PHOTOGRAPHIC PROCRASTINATION
My memory of childhood has little to do with black and white Kodak moments printed on glossy photographic paper. Those images, framed in white deckle, are family memories. They are copies of the updates shared with grandparents, aunts, uncles and old friends. Mother sent them off enclosed with her cards and letters keeping everyone up to date on how her five children were doing. But my own recollection of childhood has nothing to do with the people whose images she shared, and everything to do with places, events, and maybe on occasion, weather. Tornadoes, houses, sidewalks, playgrounds, rain storms, puddles, driveways, steps, trees, fences, porches, chairs, dogs, cats and other critters, they are all there … but people rarely populate my memory. Yet I am drawn to those early photos, because they reassure me of the authenticity of my real memories. The picture might be of the family dressed up for easter Sunday, but I recognize we are standing on the concrete sidewalk and the little stairs leading to our old front porch in Iowa City, so I can identify myself as real within the family construct. I suppose it isn’t odd, that I should feel this need to identify myself from family photographs, because my real memoires have no physical presence. After all, memories reside only in the mind. But like family stories, while family photographs may be constructed from the vision of others, they serve as a permanent reminder of our own impermanent existence.
So now that I am the photographer for my own life, the question is, to what purpose? Do I have any real memory attached to the hundreds of travel photos I have taken? The fading images of various farewell, birthday, graduation, or retirement parties … do I care about anyone who is there? Like all those people, the hundreds of garden photos, classic front doors, fences and gateposts await identification. Is there a reason to keep any of them? There they all are in their hundreds, dressed up in glossy plastic sleeves sitting on the bottom shelf of my bookcase. Is it necessary to keep them all? Who are they all? What castle, church or village is that anyway? Who are the fuzzy people standing next to the Pimms cup at the end of term? And where am I? Oh yes, that’s right … I took the pictures, so there is no me there.

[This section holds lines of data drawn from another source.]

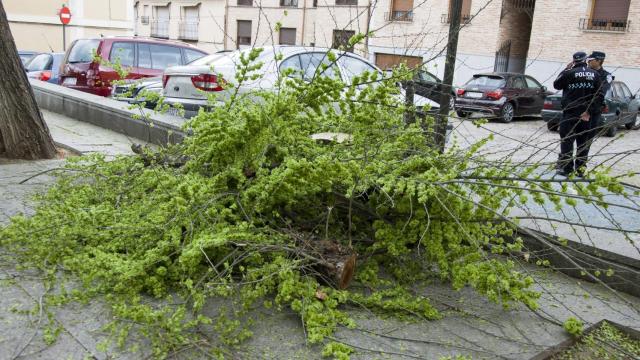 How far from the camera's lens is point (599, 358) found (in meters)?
3.29

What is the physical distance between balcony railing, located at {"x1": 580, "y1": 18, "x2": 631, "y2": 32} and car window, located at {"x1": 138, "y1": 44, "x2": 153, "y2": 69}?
1846cm

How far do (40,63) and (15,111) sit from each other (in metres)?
10.6

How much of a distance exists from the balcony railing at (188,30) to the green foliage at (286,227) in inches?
1478

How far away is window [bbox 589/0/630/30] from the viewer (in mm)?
23125

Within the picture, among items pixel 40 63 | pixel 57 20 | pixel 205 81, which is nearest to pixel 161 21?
pixel 57 20

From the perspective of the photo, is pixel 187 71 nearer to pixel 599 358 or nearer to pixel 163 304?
pixel 163 304

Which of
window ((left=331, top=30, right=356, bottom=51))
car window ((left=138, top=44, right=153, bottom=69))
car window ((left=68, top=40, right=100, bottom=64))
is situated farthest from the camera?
car window ((left=138, top=44, right=153, bottom=69))

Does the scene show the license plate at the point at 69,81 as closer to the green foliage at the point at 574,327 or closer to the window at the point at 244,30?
the green foliage at the point at 574,327

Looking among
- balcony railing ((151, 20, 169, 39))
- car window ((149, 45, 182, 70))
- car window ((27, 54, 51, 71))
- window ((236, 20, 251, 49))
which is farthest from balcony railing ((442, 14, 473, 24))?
balcony railing ((151, 20, 169, 39))

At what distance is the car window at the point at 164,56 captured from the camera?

The truth is all those photographs act like cue cards for the plot line of my life. There are all those images of friends only I can recall. No one else will ever be interested in the pictures of me and my friend Julia by the bakery in Broadstairs, England, mugging for the camera and laughing at God-knows-what? Julia is gone. She died tragically, and while I have no real memory of what was so dreadfully funny that day, I keep the images to help me recall her existence and to trigger my real memories of her. She was a bright light of energy with an absurd sense of humor, and I miss her. So, I guess the answer is yes, I need to keep some portion of my printed photos, because there are so many people and places I would like to recall, and they are all in there somewhere. However, there is really no rush. Mother always said that procrastination was a useful tool. So I shall take it one-step-at-a-time as I address the proliferation of printed photographs lying in wait. Step one … I’ll think about it.
4 Replies to “PHOTOGRAPHIC PROCRASTINATION”
A passing thought about playing cards with a deck of self created stories.
What a clever thought provoking idea.
Oh those photos. In a little box I carry in my hand. How to control the ease of taking an image. I was better off when I had to chose carefully what I wanted to remember.
It is indeed hard to resist the iPhone camera’s appeal.